Quantum Search Algorithm
Abstract
In this thesis we tried to take an overall look at quantum computation and specifically at the quantum search algorithm, an algorithm for unstructured search that finds with high probability the solution. This algorithm provides a quadratic speed up compared to the best possible version of a classical unstructured search algorithm.
The first chapter develops, in deduction from the postulates of quantum computation, a brief description of the elements of quantum circuits, namely bits, registers, gates, channels and the final measurement operation. We also describe a peculiar property of quantum computation: entanglement.
The second chapter begins with a description of what the quantum search algorithm is and how it works. Grover's algorithm can be seen both from an algebraic and a geometric point of view, both of them are explained; then the peculiar element of the algorithm is described: the subroutine.
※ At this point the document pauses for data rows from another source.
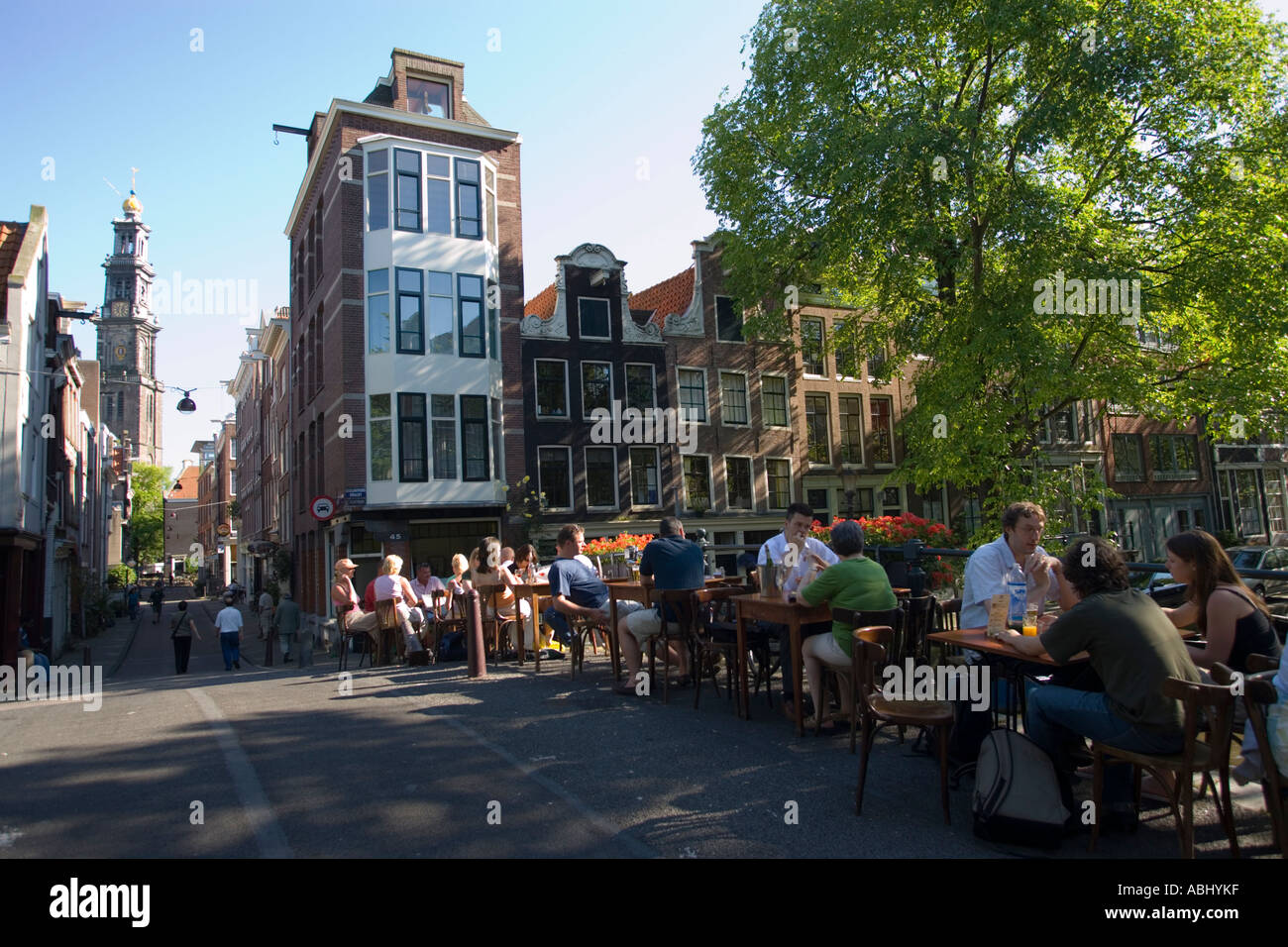 La gente seduta in ristorante a cielo aperto sul ponte sul canale su Egelantiersgracht Jordaan Amsterdam Olanda Paesi Bassi Foto Stock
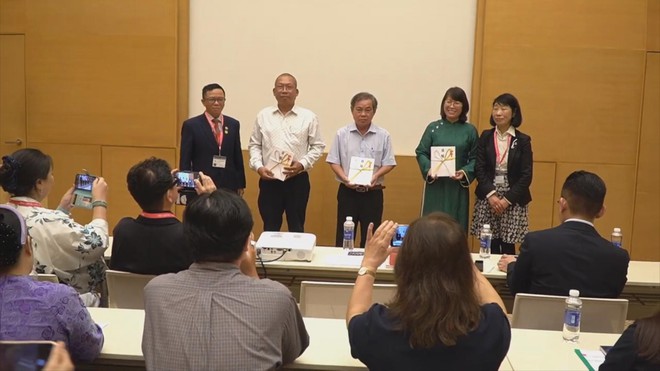 Trao tặng thiết bị học tập, vật phẩm sinh hoạt cho các trường tại TP. Hồ Chí Minh- Ảnh 1.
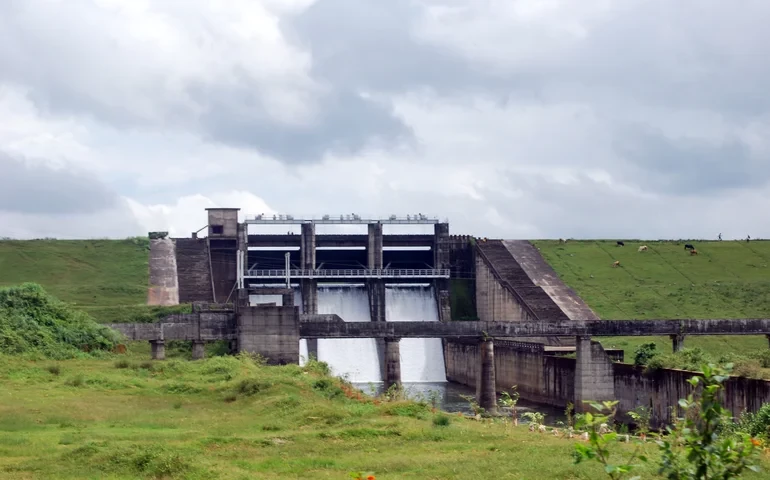 Experience Nature's Beauty at Karapuzha Dam in Wayanad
We continue with a demonstration of the correctness of the algorithm and after that some concrete examples are presented. The problem of the impact of the number of solutions on the performance of the quantum search algorithm, and some possible solutions, are then described.
In conclusion we focused on the performance of the algorithm, on its optimality and on the possible consequences that this could have in terms of the hierarchy of quantum complexity classes. After that there is a brief mention of the consequences that a large-scale application of the algorithm could have on classical cryptography.